# WHAT IS EXPECTED:
Here the job is to transcribe only the lines from the one containing "Metallic DressEmpire-Waist Long" through the last line below, exactly as written; please leave out pictures.

*** SOURCE INFORMATION Section Begins ***

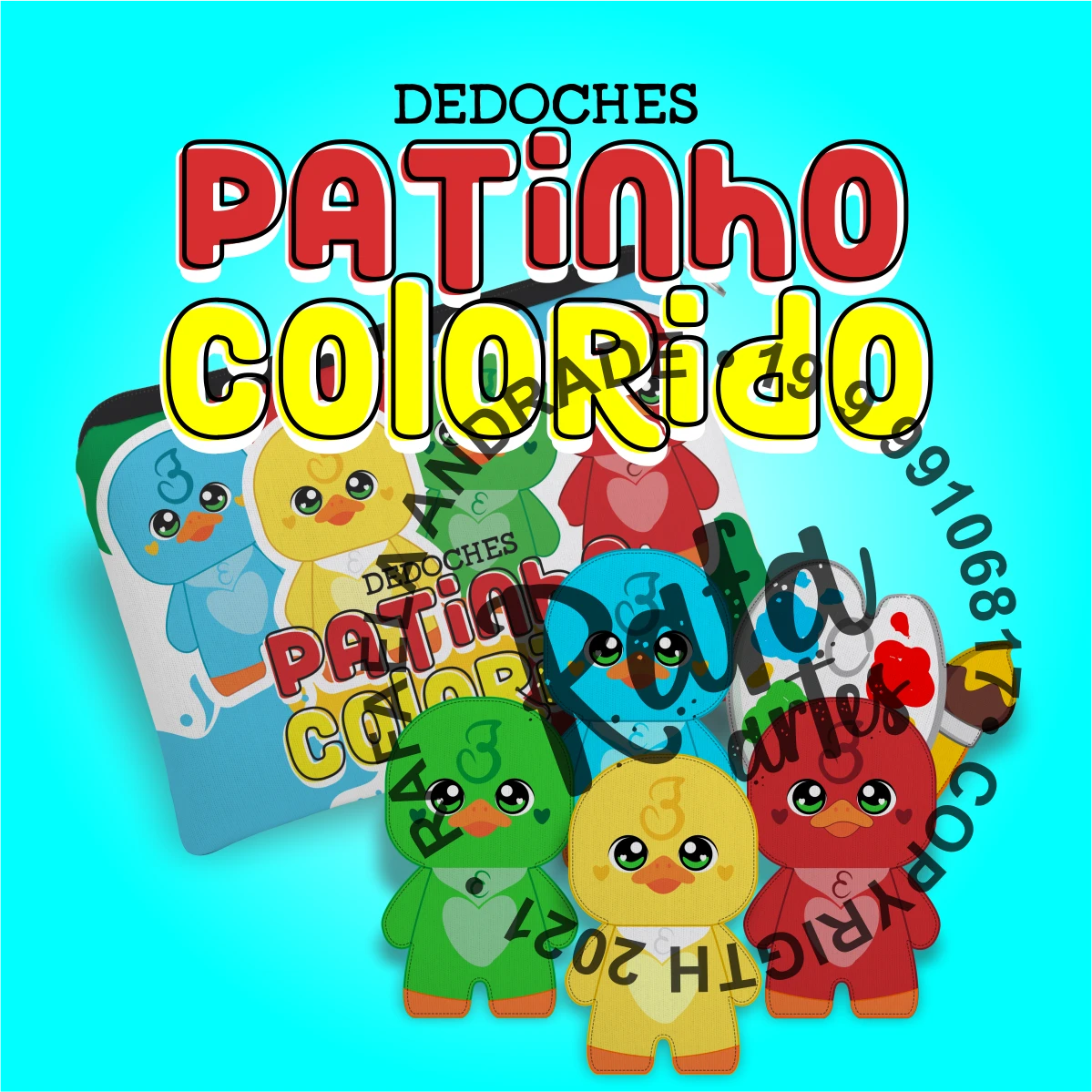 DEDOCHES - PATINHO COLORIDO - 1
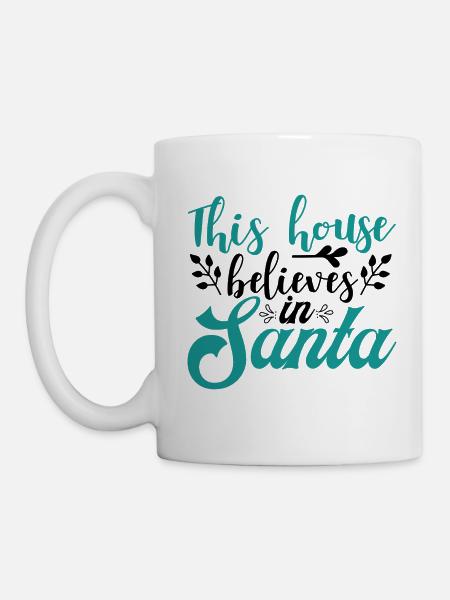 Dieses Haus - Tasse - Weiß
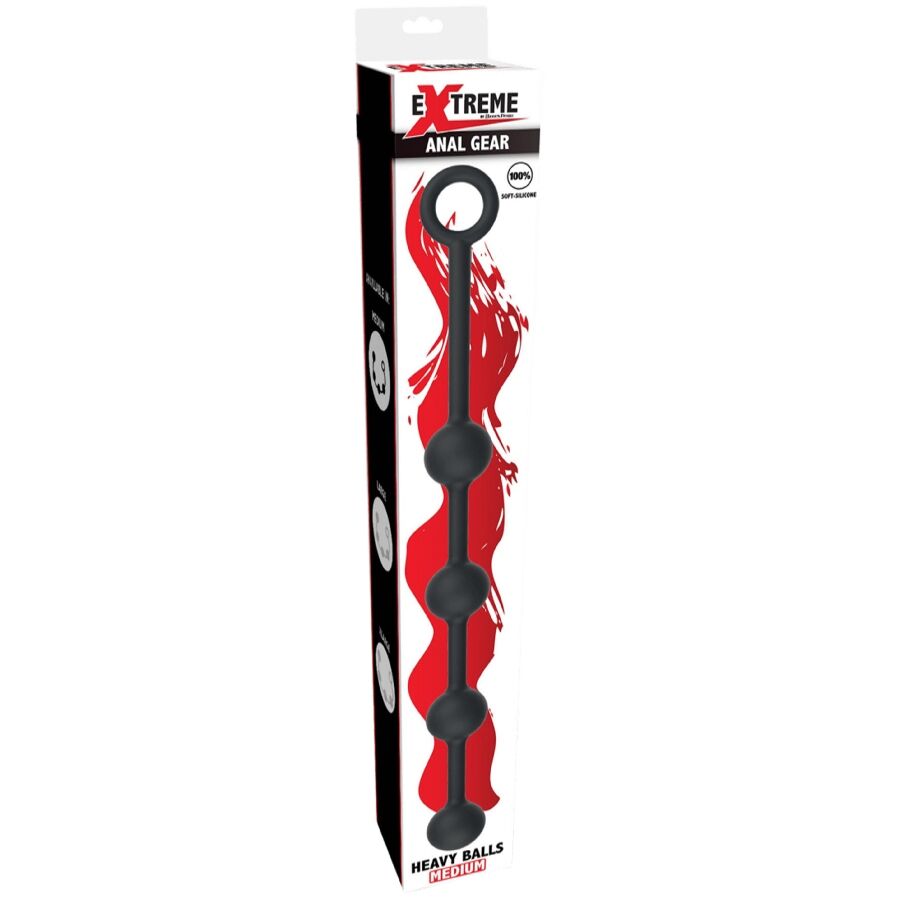 Hidden Desire-Extreme Heavy Anal Balls Medium-Silicone · Accessori BDSM (immagine 3)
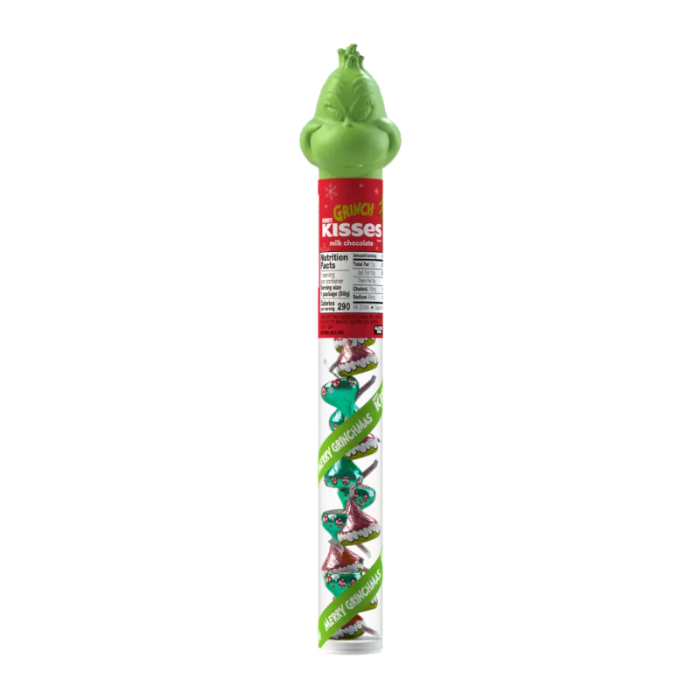 Hershey's Candy Cane Grinch Kisses Filled Cane (59g)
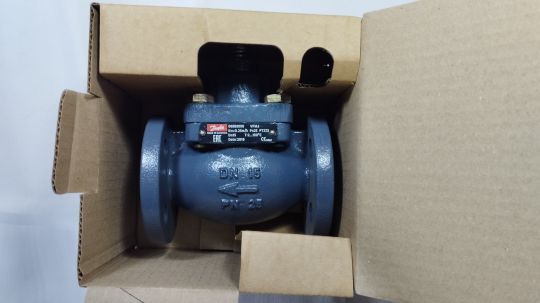 Danfoss 065B3050 - VFM 2 клапан регулирующий двухходовой фланцевый Ду 15 мм, Ру 25 бар, Kvs 0,25 м3/ч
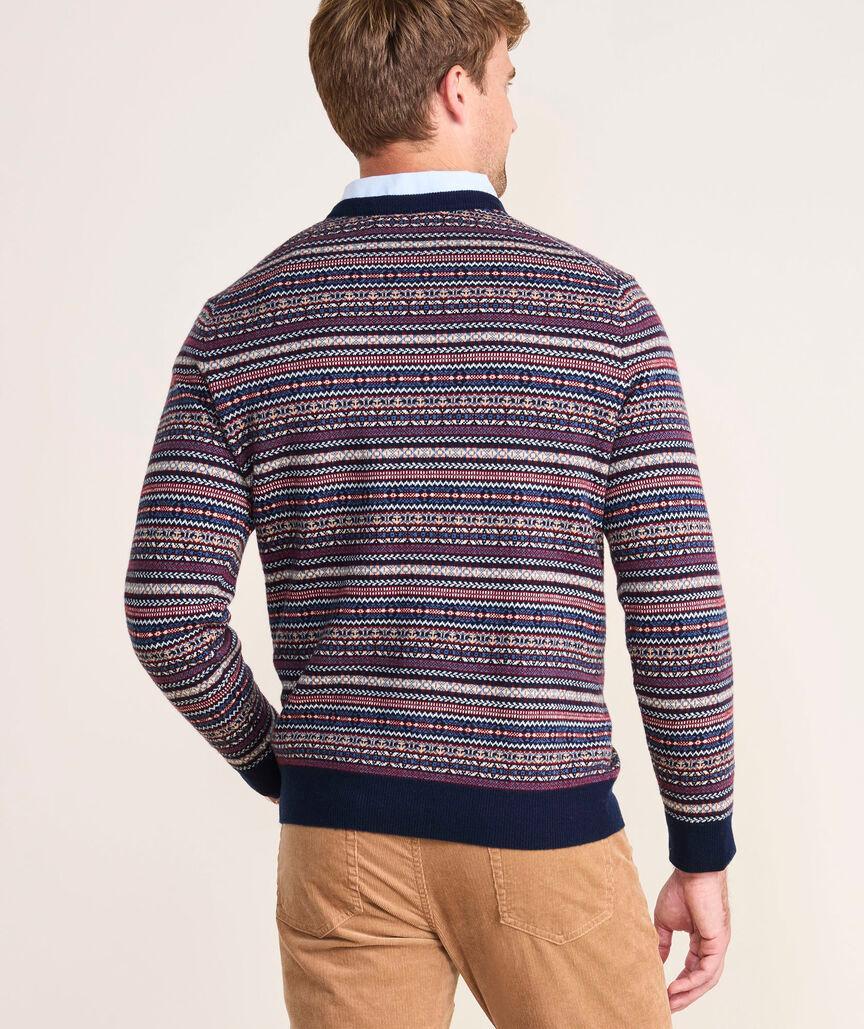 Wool Fair Isle Crewneck Sweater Product Image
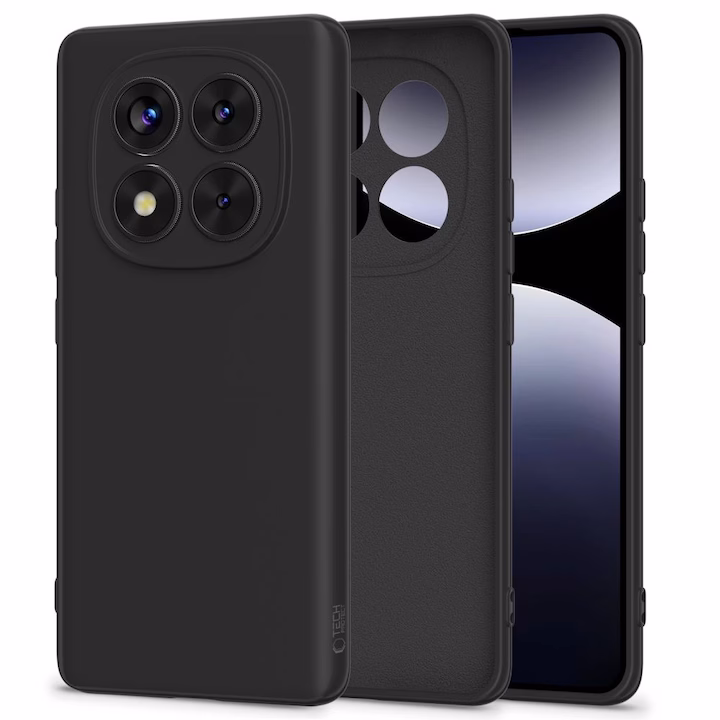 Калъф за Xiaomi Redmi Note 14 Pro 5G / Poco X7 5G Tech-Protect, силиконов, черен
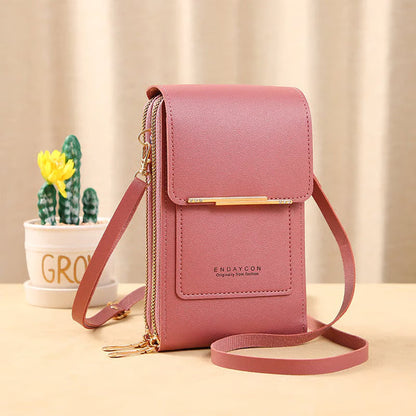 🔥Hot Sale 56% OFF -🎁Women's Touch Screen Mobile Phone Messenger bag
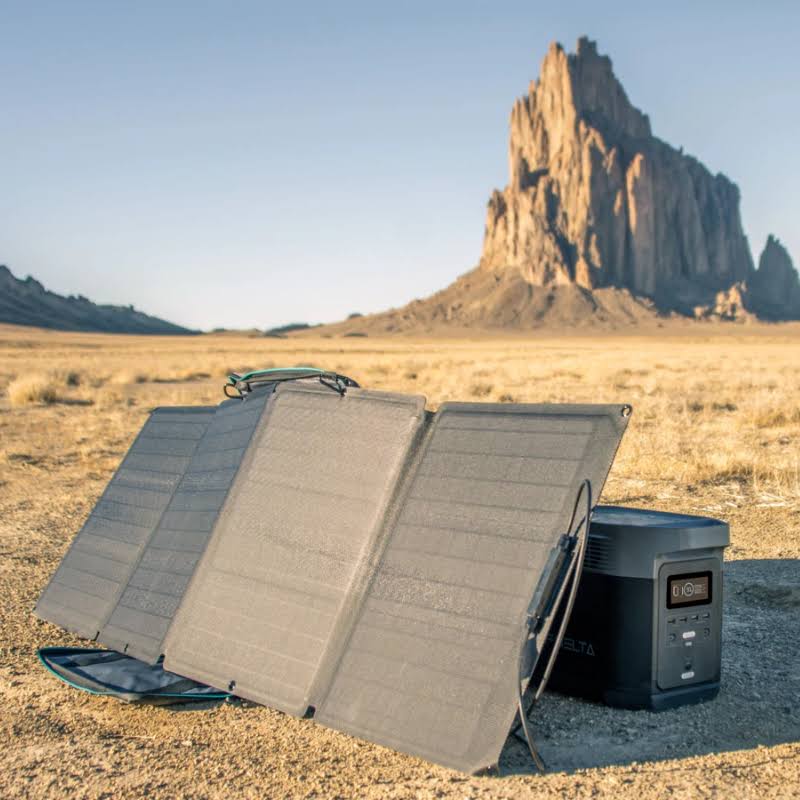 Ecoflow Delta 1300 + 110w Portable Solar Panel | Solar Generator Kit 2*MGW6HKQX_AQ8CO
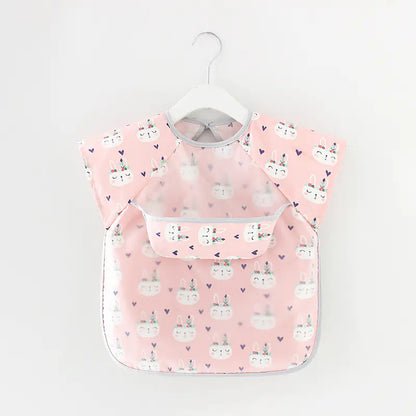 Waterproof Long Sleeve Kids Smock Apron for Eating
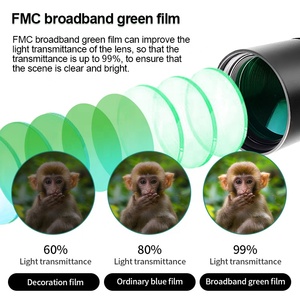 80mm FMC 녹색 코팅 줌 무색 굴절 망원경 질소 채워진 스트레이트 스포팅 범위 20-60x80 삼각대 - Product Image 5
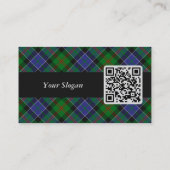 Carte De Visite Clan Paterson Crest sur Tartan (Dos)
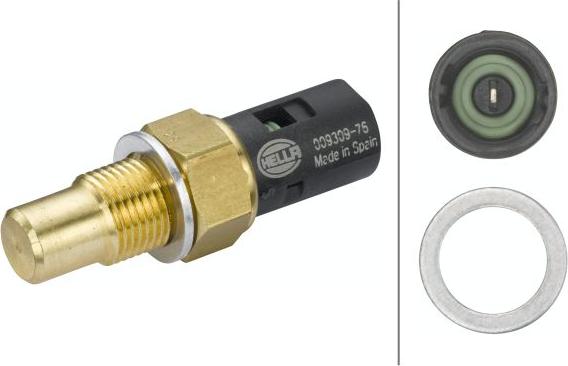 HELLA 6PT 009 309-761 - Датчик температуры ОЖ, охлаждающей жидкости abcparts.ee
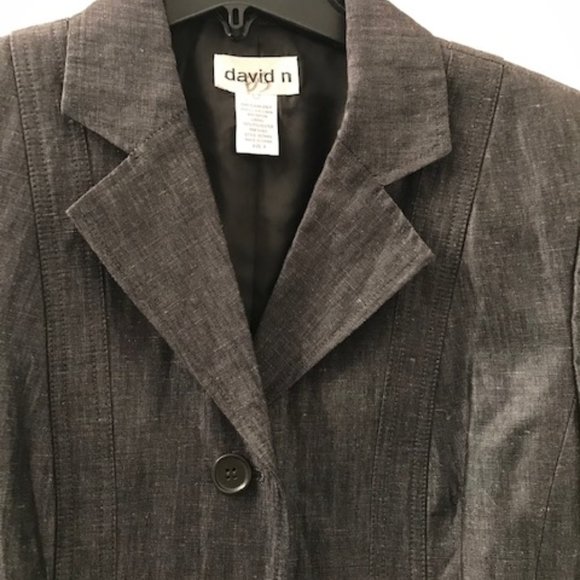 David N Dark Gray with Sheen Jacket / Blazer - Picture 3 of 12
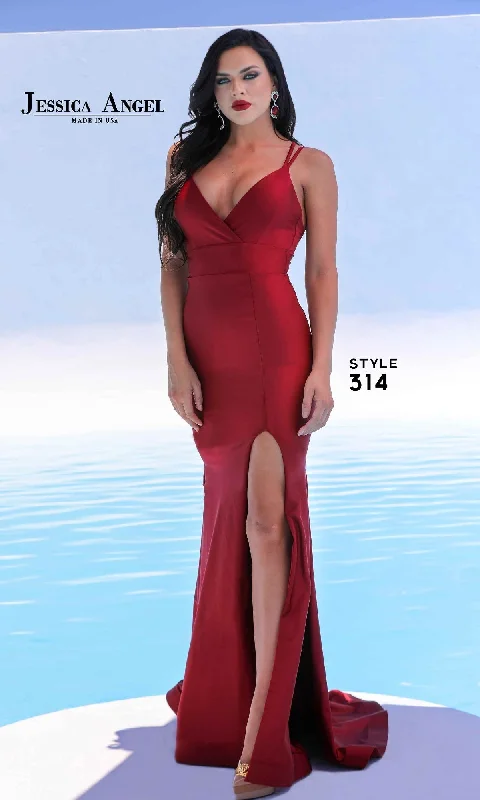 Metallic DressEmpire-Waist Long Prom Dress: Jessica Angel 314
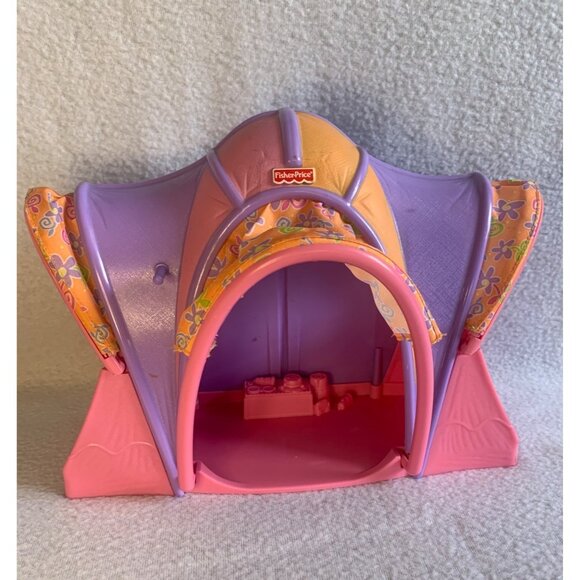 Fisher Price Loving Family Pink Camping Tent dollhouse Camping Fun 2004 - Picture 8 of 9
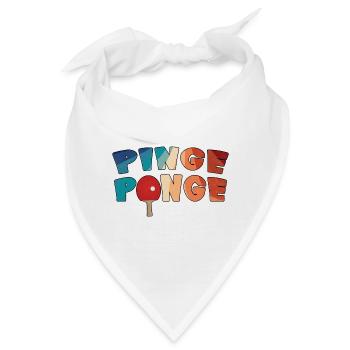 Tischtennis Pinge Ponge Tischtennisspieler - Bandana - Weiß - Vorne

*** SOURCE INFORMATION Section Ends ***

# ANSWER SECTION:
 Metallic DressEmpire-Waist Long Prom Dress: Jessica Angel 314
 Fisher Price Loving Family Pink Camping Tent dollhouse Camping Fun 2004 - Picture 8 of 9
 Tischtennis Pinge Ponge Tischtennisspieler - Bandana - Weiß - Vorne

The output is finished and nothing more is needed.